Notice what happens:  The non-virtual method becomes partially virtualized,
depending the ambiguity mentioned before.  Let's grab a native B object and
wrap it in a B pointer and then an A pointer:

  // api.h:  inline B* make_B() { return new B(); }
  B myb = api.make_B();  // ad hoc wrapper over operator new
  myb.pm();  // => B::pm, so far so good
  A aview1 = myb;  // Java ref-cast
  aview1.pm();  // => same B::pm, per rules of Java ref-casting
  A aview2 = myb.viewAs(A.class);
  aview2.pm();  // => A::pm, per rules of C++

In C++ the same object, of type both A and B, can respond in two different ways
to the invocation of the method name "pm".  In Java the same thing can happen,
but the rules for selection depend on the wrapped pointer's dynamic type, not
on the static type (as in C++).  If you have a list of A's (List<A>) in Java, and you
invoke "pm" on each, you will get a mix of "A::pm" and "B::pm".  If any of the objects
in the list are true A's, then only "A::pm" will be reachable, of course.  But if some
are true B's, then a mix of either method can be reached, depending on which
B's were wrapped as A's and which were wrapped as B's.

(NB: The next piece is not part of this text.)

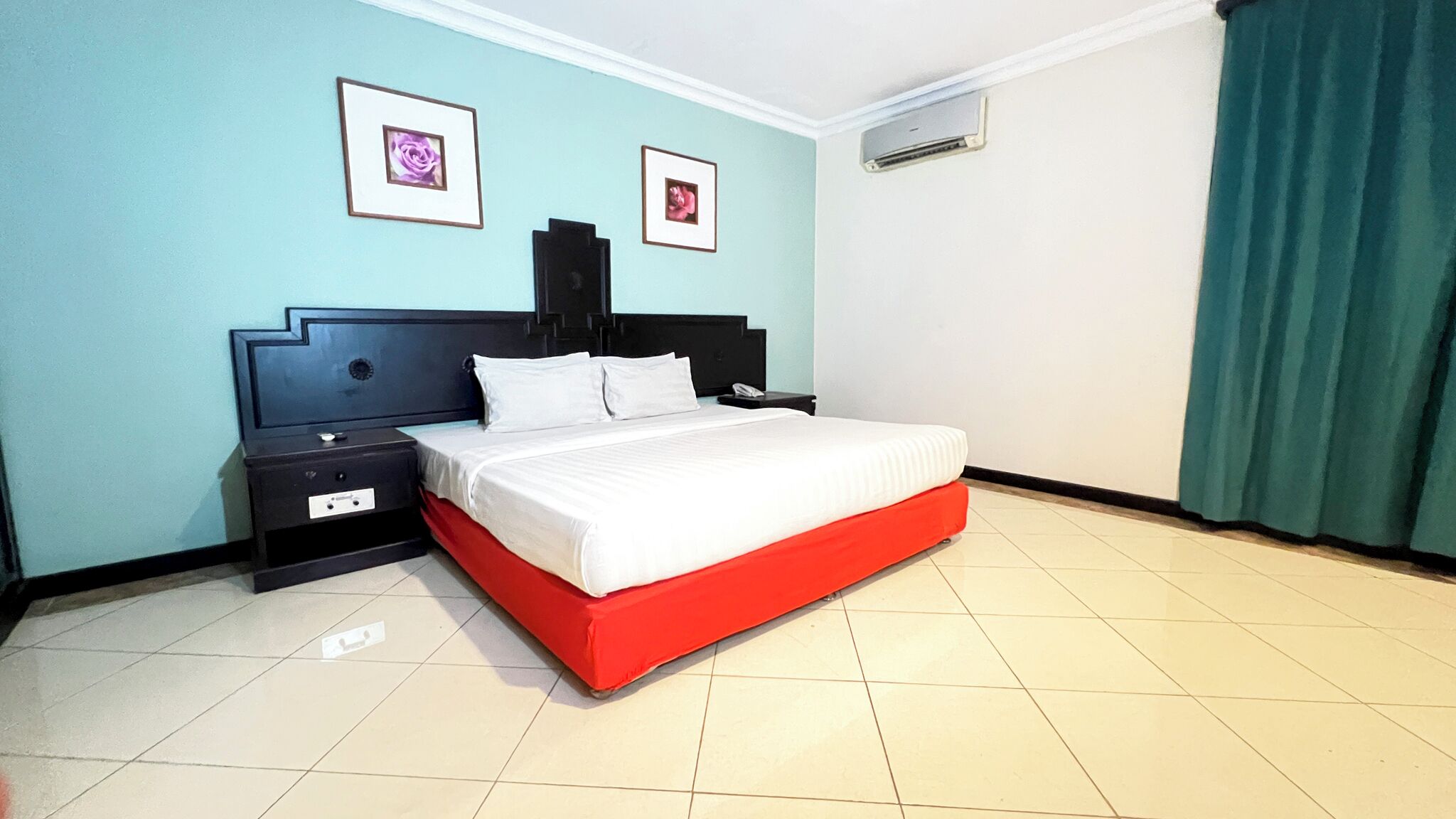 Un dormitorio con cama, mesita de noche y dos cuadros enmarcados en la pared.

(The same point applies to the field 'f' above.  In effect, the field becomes
partially virtualized, if B extends A.)

There is a trick to keep interface subtyping, but prevent the unpredictable
virtualization of non-virtuals.  The trick is to mangle the method descriptors
so that any non-virtual construct is represented by a name which will not be
repeated in a subtype (for any construct at all).  Descriptors can be mangled
by name:

  interface A extends ObjectReference<A> { void A$pm(); }  // Exact translate of C++ A::pm!
  interface B extends A, ObjectReference<B> { void B$pm(); }

More subtly, they can be mangled by type, which is sometimes useful:

  interface A extends ObjectReference<A> { void pm(A which); }
  interface B extends A, ObjectReference<B> { void pm(B which); }

The argument "which" contributes only a static type, and can be a null.

(When binding such interfaces, the binder should detect non-virtual features
that accidentally alias in their descriptors, and signal an error.  This error
checking can be helped if the methods which are truly virtual are distinguished
from other methods.  A "@Virtual" annotation would help a lot.
Maybe also @NonVirtual, but then everything gets that annotation.)

The mangling can be one-sided:

  interface A extends ObjectReference<A> { void pm(); }  // => A::pm
  interface B extends A, ObjectReference<B> { void B$pm(); }  // => B::pm

(One-sided mangling in the super only makes sense if you can enumerate
all its subs!)

With such mangling, either one-sided or two-sided, the random devirtualization
goes away.  What remains is that one or both of the non-virtual method names
has a surprising name to the Java programmer.

To me, all this is surprising and irregular, enough so to motivate a ban on Java
interface subtyping, for interfaces that express any non-virtual constructs.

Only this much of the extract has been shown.